[INSTRUCTIONS TO FOLLOW]
One part of the entries below is wanted: the lines from the one containing "Forest green leaf" through the one containing "Ghostly figure in". Write those out exactly and nothing else.

[Short descriptive text snippets]
┄┄┄┄┄┄┄┄┄┄┄┄┄┄┄┄┄┄┄┄

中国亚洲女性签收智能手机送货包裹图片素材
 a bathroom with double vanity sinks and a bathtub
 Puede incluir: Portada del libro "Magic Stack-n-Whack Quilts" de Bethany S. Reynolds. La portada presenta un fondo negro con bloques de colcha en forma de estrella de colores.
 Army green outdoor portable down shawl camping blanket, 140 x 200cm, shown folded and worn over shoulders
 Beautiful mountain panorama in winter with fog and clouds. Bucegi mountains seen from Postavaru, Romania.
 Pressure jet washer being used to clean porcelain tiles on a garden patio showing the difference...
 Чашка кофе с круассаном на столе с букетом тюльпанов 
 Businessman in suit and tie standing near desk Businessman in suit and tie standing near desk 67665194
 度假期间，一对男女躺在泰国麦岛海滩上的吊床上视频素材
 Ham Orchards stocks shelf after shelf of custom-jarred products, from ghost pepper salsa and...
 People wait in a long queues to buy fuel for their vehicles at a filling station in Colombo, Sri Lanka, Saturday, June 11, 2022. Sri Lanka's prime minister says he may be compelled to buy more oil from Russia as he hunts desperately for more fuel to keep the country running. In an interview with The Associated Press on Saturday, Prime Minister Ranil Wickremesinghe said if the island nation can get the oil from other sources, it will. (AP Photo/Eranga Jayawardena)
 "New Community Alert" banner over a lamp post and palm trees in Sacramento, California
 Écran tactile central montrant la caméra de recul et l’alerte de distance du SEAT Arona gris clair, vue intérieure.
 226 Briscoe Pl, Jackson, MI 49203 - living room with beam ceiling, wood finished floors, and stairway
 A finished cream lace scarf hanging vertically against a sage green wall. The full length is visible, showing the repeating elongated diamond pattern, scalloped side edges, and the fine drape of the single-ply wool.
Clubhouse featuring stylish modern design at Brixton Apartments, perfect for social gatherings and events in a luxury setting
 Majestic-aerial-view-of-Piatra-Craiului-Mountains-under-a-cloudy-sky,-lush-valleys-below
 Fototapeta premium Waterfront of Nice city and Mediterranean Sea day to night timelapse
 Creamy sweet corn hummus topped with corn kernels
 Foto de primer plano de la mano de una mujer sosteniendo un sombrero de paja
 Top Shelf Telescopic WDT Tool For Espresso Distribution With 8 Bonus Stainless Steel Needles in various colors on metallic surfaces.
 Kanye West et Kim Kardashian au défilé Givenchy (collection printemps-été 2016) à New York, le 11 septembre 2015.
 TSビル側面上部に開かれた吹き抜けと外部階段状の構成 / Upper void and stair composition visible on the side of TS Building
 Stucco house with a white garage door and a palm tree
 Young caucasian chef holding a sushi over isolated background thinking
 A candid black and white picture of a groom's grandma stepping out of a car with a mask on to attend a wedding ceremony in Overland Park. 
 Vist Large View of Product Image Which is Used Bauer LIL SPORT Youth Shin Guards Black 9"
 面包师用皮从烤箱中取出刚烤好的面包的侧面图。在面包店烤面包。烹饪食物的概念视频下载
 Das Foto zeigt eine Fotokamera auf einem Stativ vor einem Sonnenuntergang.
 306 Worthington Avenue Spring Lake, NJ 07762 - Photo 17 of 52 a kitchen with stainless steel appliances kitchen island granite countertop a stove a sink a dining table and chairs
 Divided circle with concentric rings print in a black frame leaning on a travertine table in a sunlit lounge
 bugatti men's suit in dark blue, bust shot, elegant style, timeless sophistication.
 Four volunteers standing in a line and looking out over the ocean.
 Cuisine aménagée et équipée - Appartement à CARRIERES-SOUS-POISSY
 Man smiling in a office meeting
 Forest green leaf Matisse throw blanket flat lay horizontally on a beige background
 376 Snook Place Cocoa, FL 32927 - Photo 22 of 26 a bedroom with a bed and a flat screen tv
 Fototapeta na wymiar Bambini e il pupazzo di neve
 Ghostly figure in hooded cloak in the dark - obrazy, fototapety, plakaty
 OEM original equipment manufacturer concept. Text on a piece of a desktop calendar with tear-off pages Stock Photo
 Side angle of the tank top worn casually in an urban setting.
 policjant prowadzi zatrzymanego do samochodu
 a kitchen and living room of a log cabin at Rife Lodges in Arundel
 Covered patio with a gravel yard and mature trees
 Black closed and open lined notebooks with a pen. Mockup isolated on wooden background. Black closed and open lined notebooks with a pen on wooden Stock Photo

┄┄┄┄┄┄┄┄┄┄┄┄┄┄┄┄┄┄┄┄

[WRITTEN ANSWER]
 Forest green leaf Matisse throw blanket flat lay horizontally on a beige background
 376 Snook Place Cocoa, FL 32927 - Photo 22 of 26 a bedroom with a bed and a flat screen tv
 Fototapeta na wymiar Bambini e il pupazzo di neve
 Ghostly figure in hooded cloak in the dark - obrazy, fototapety, plakaty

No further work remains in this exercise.